新システムではパソコンやスマートフォンから申し込めるようにするとともに、信用情報機関への照会や過去の利用履歴の確認を自動化することで審査の自動化を進め、より手軽に利用できるようにすることを目指しています。

新システムは当面2行だけで運用の予定

中国銀行と第四銀行は、金融とIT(情報技術)を融合した「フィンテック」で連携する地方銀行6行で構成される「TSUBASA(翼)プロジェクト」に加盟しています。しかし現時点では、新システムは中国銀行と第四銀行だけで運用する予定と伝えられています。

2行が参加する「TSUBASA(翼)プロジェクト」

サービスの充実とITコストの抑制を目指す「TSUBASA(翼)プロジェクト」

中国銀行と第四銀行が参加する「TSUBASA(翼)プロジェクト」とは、顧客サービスや商品の充実、ITコストの抑制とIT要員の相互補完等を目的に、千葉銀行、第四銀行、中国銀行、伊予銀行と北國銀行の5行が、2008年(平成20年)にシステム共同化の検討で基本合意したことをきっかけとするプロジェクトです。
その後、趣旨に賛同した2012年(平成24年)に東邦銀行、2015年(平成27年)に北洋銀行(注)がプロジェクトに参加しました。
TSUBASA(翼)プロジェクトでは、サブシステムと共に、将来の基幹系システムのあり方について共同で調査・研究を進め、2012年(平成24年)から基幹系システムの共同化を目指して、千葉銀行、第四銀行、中国銀行の3行と日本IBMの共同で「TSUBASA(翼)プロジェクト基幹系共同システム」の開発に取り組んでいました。
このシステムは千葉銀行の従来システムをもとに、共同システムの必要要件と参加各行の共通要件、参加各行の固有要件を取り込んだ機能を開発し、2017年(平成29年)に千葉銀行に導入されたことを皮切りに、参加各行での導入が進んでいます。

基幹系システム共同化の狙い

基幹系システムの共同化は、「長期安定稼働を可能とするシステムの構築」、「ITコストの抑制・IT要員の相互補完」、「商品開発やサービス提供のスピードアップ」の実現を目標としています。

サブシステムも共同化を進める

基幹系システムと同時にサブシステムの共同化も進んでいて、千葉銀行と第四銀行は共同コールセンターシステム、千葉銀行、第四銀行、中国銀行、伊予銀行の4行は共同顧客情報管理システム(CRM)のシステム基盤を導入しています。これにより基幹系システムと同じように安定したシステムの構築やITコスト抑制と要員の相互補完、商品開発・サービス提供のスピードアップを目指しています。
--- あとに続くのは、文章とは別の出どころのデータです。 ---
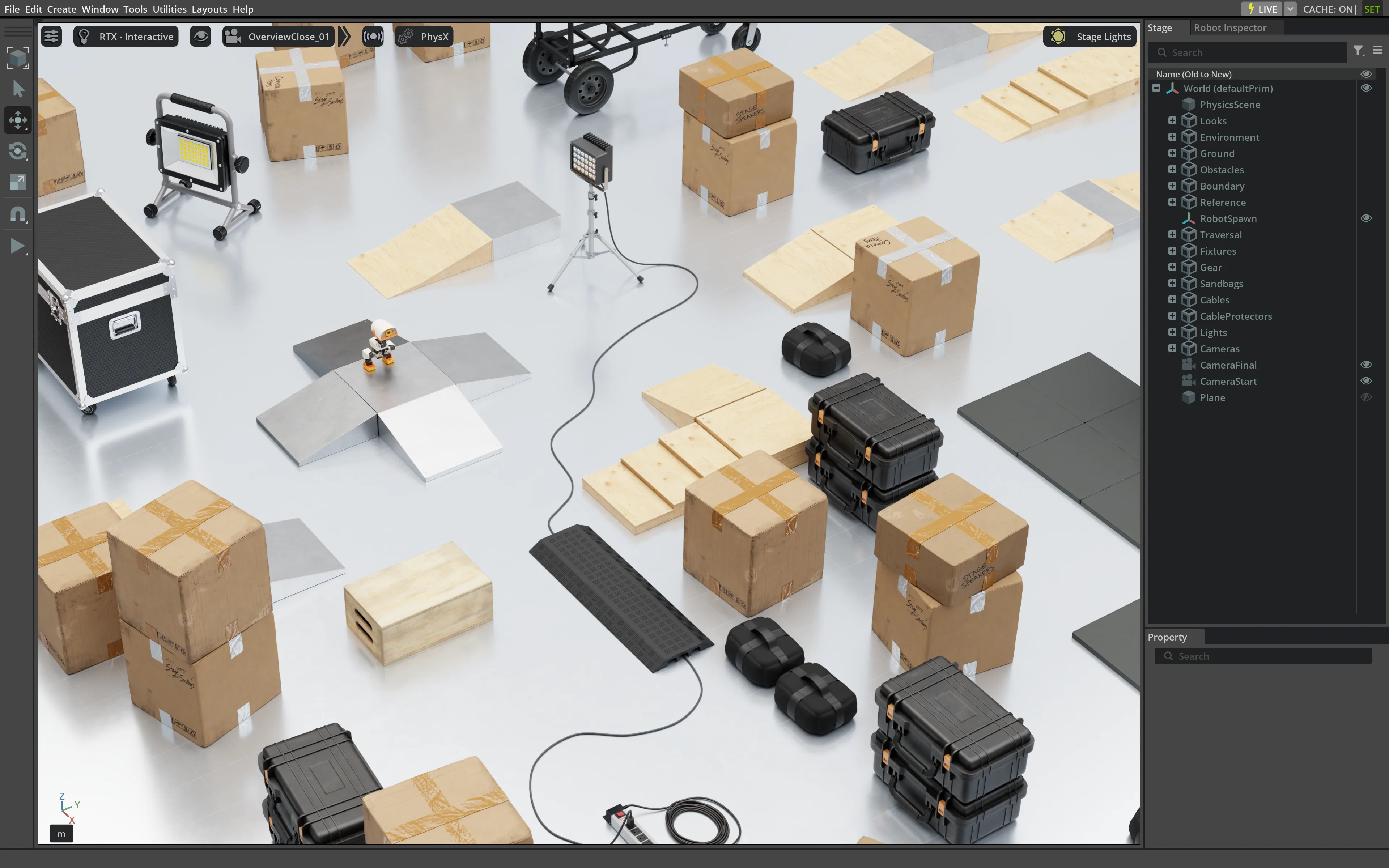 Isaac Sim editor showing the assembled course with Microduck, ramps, steps, boxes, flight cases, and work lights.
IT技術の活用について研究を進める「TSUBASA金融システム高度化アライアンス」

また、システムの共通化とは別にTSUBASA(翼)プロジェクトに参加している6行のうち、千葉銀行と第四銀行、中国銀行は金融分野におけるIT技術の活用(フィンテック)を調査・研究する「TSUBASA金融システム高度化アライアンス」を立ち上げ、日本IBMと共同で調査・研究を進めています。

おわりに

地方銀行と第二地方銀行をあわせて106行がある地方銀行は、地方経済の収縮により収益が悪化し、地域を超えた協業や合併がさかんになりつつあります。
TSUBASAプロジェクトもその一環として進められているものであり、今回の中国銀行と第四銀行の個人向け融資の新システム開発は、この協業があったからこそと言えます。